Thanks for the added detail. Then I guess just shifting gears a little bit, just I guess more for Liz. Kind of plans to explore the use the RTGel technology outside of urology. Are there indications, are there potential uses of that?
Yes. No. I think there are a lot of users. We've talked -- one of the things we are really working on right now is a longer term strategy for UroGen Pharma. I think it's safe to say that we -- our focus is really on uro-oncology, right? In the urologic -- urology space and the oncology space, we would want to own any RTGel or partner and be in a collaboration.
I think outside of uro-oncology is something we would look to outlicense to other partners interested. We have gotten a lot of enthusiasm from physicians that when we sit down and talk to them, they will give you a laundry list of all the potential uses for the gel.
And we have a head of BD that works for -- reports into Peter, and they're obviously fielding any requests that we have, and for this -- and we've been talking about does it make sense for us to be more active in this space? And again, I think right now, we want to make sure that we are all in, in the uro-oncology space. That's our focus, that's our priority.

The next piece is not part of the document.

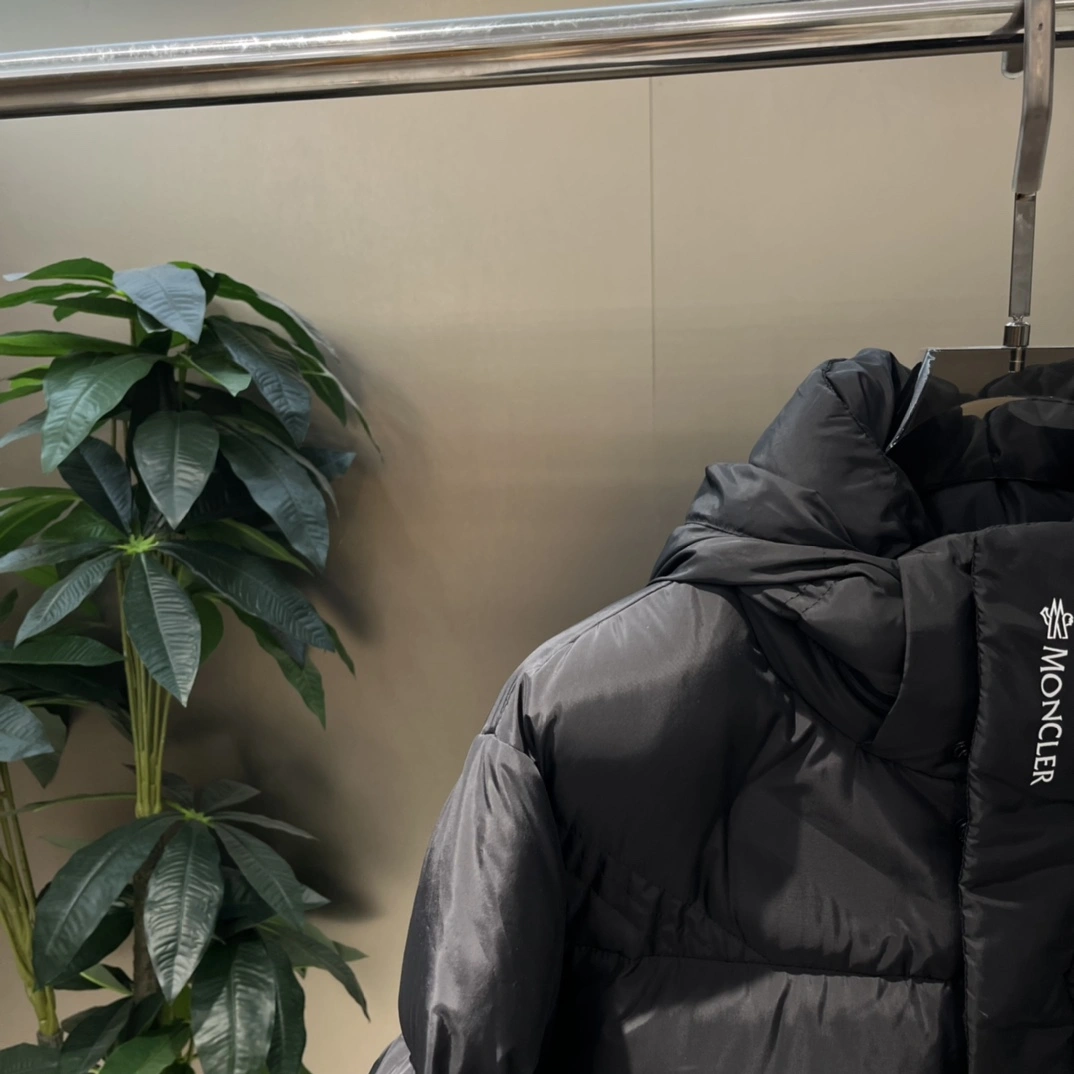 Trendy Moncler Down Jackets 145423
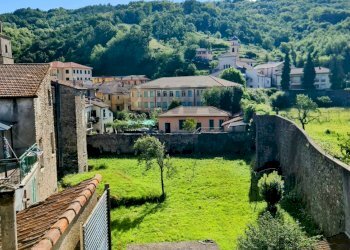 VISTA GIARDINO CONVENTO - Quadrilocale PIAZZA VITTORIO EMANUELE
 
3, Varese Ligure - foto 1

The team in Israel, so the early clinical team, had been working on some other areas, and we've really focused them on making sure that they're really focused on uro-oncology opportunities. And again, outside of that, we would look to outlicense.
Thanks a lot. Congrats for the progress.
Great. Thank you.
I am showing no further questions at this time. I will now turn the call back over to UroGen's President and CEO, Liz Barrett, for closing remarks.
Thank you, operator. I just would like to say that we think we've made important progress so far this year. It's been a very, very busy year for us in executing some very critical events, i.e., around advancing our portfolio as well as ensuring a robust submission to the FDA. So we're excited about our meeting on September 24, where we'll be able to share more detailed data around all of these opportunities. And we hope that you'll be able to join us.
So appreciate you joining the call today, your continued interest in UroGen, your active questions. And we're always here to answer anything that you might have. So just want to say thank you to everybody, and we'll talk you soon. Hopefully see you in September. Thanks. You can disconnect now, operator.
Thank you. Ladies and gentlemen, this concludes today's conference. Thank you for participating, and you may now disconnect.